Supplied material:
--

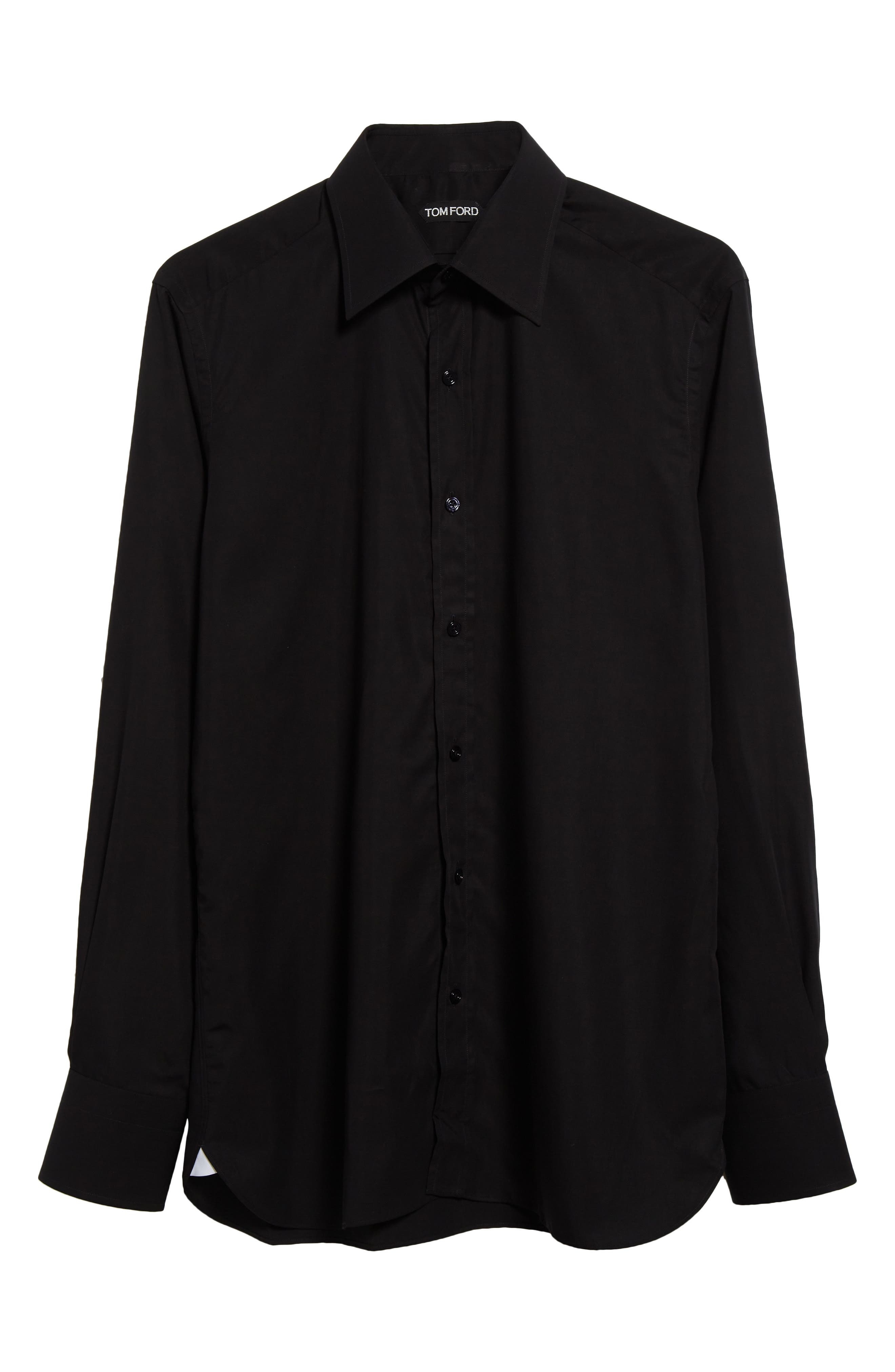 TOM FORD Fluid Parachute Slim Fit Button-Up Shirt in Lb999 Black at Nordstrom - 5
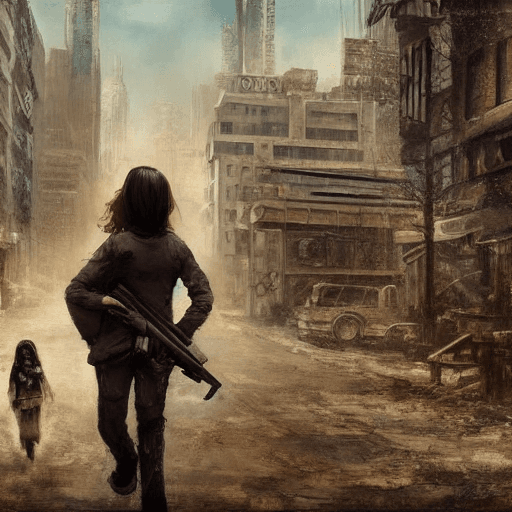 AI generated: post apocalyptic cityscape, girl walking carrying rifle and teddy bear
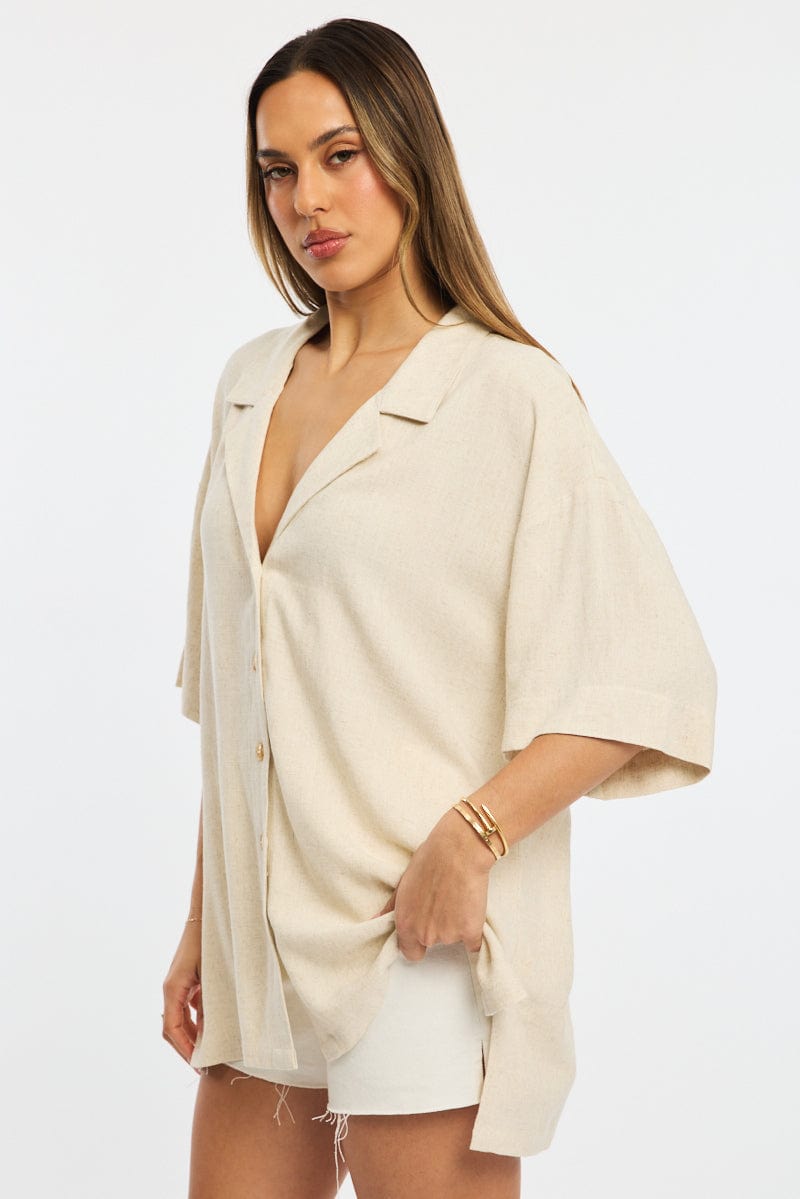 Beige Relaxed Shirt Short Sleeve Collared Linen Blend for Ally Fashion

--

What you will do:
A word-for-word transcription of the listing is needed, minus its images.

Response area:
 TOM FORD Fluid Parachute Slim Fit Button-Up Shirt in Lb999 Black at Nordstrom - 5
 AI generated: post apocalyptic cityscape, girl walking carrying rifle and teddy bear
 Beige Relaxed Shirt Short Sleeve Collared Linen Blend for Ally Fashion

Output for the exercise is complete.